* _Problem to work on_: The result should be an exact copy of every record, with no pictures kept.

* _Data supplied_:
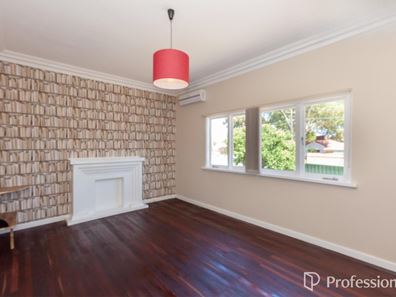 74 Church Ave, Armadale WA 6112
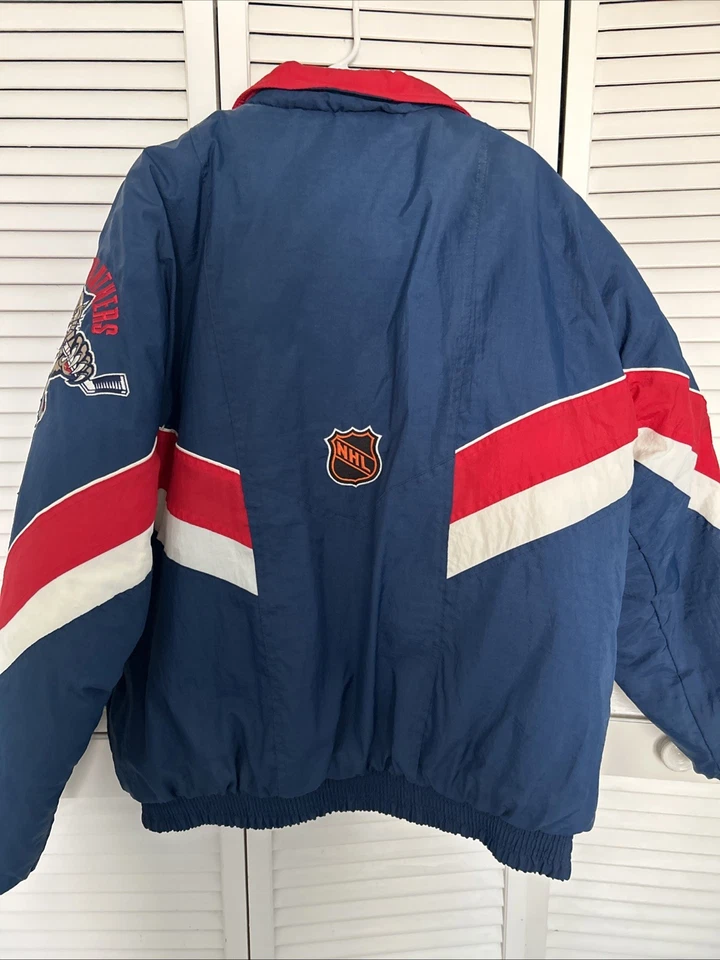 Florida panthers  Puffer Jacket - Image 2 of 4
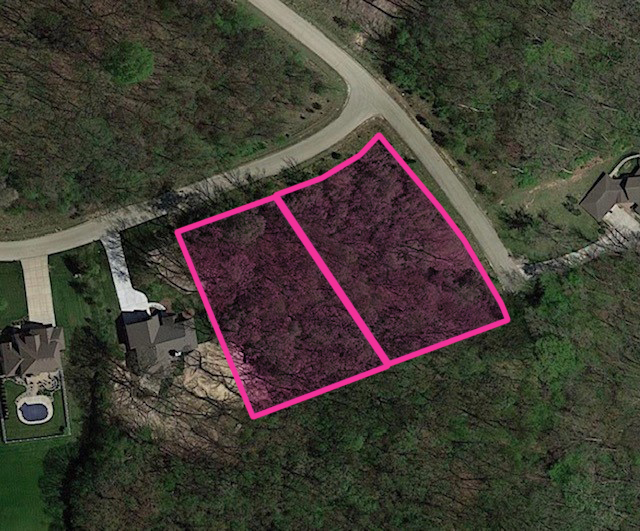 1268 Deer Path Kankakee, IL 60901 - Photo 3 of 4 a view of a backyard with red space and deck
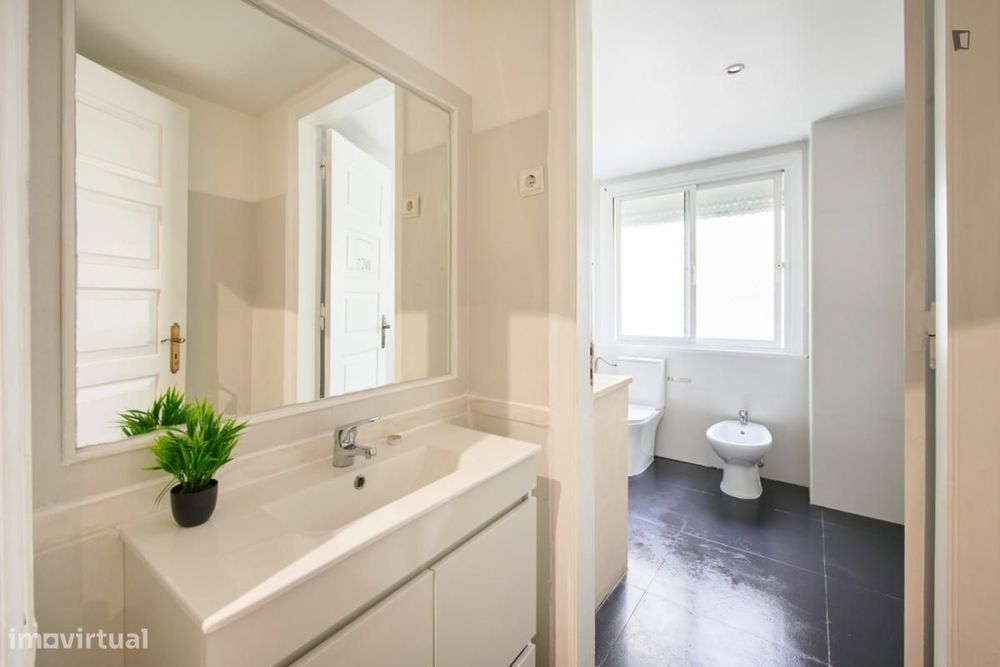 Quarto - localizado em Entrecampos Lisbon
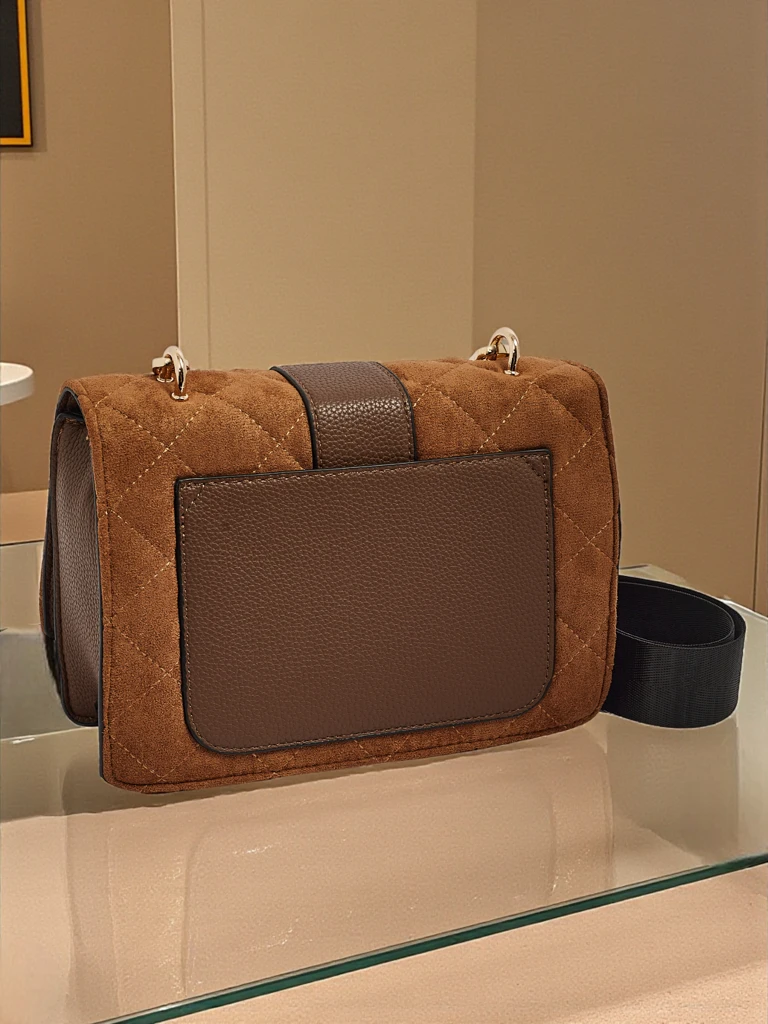 Малка дамска чанта от еко кожа Esmira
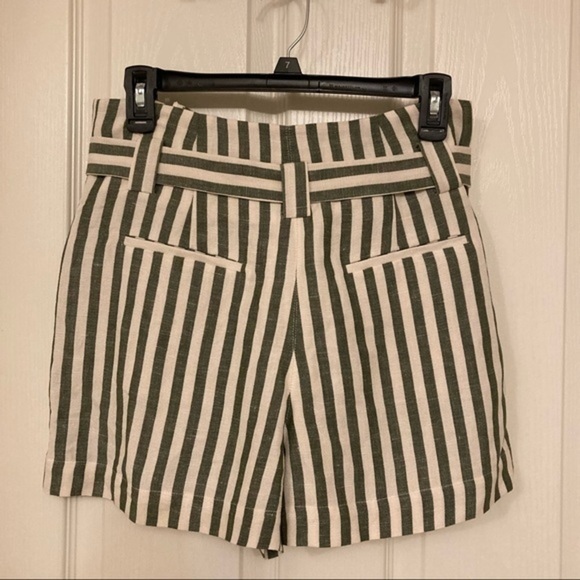 L'AGENCE Alex Linen olive/ivory stripe Shorts - Picture 6 of 9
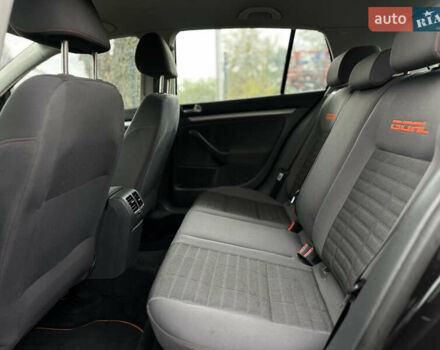 Черный Фольксваген Гольф, объемом двигателя 1.6 л и пробегом 221 тыс. км за 6600 $, фото 37 на Automoto.ua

* _Solution to the exercise_:
 74 Church Ave, Armadale WA 6112
 Florida panthers  Puffer Jacket - Image 2 of 4
 1268 Deer Path Kankakee, IL 60901 - Photo 3 of 4 a view of a backyard with red space and deck
 Quarto - localizado em Entrecampos Lisbon
 Малка дамска чанта от еко кожа Esmira
 L'AGENCE Alex Linen olive/ivory stripe Shorts - Picture 6 of 9
 Черный Фольксваген Гольф, объемом двигателя 1.6 л и пробегом 221 тыс. км за 6600 $, фото 37 на Automoto.ua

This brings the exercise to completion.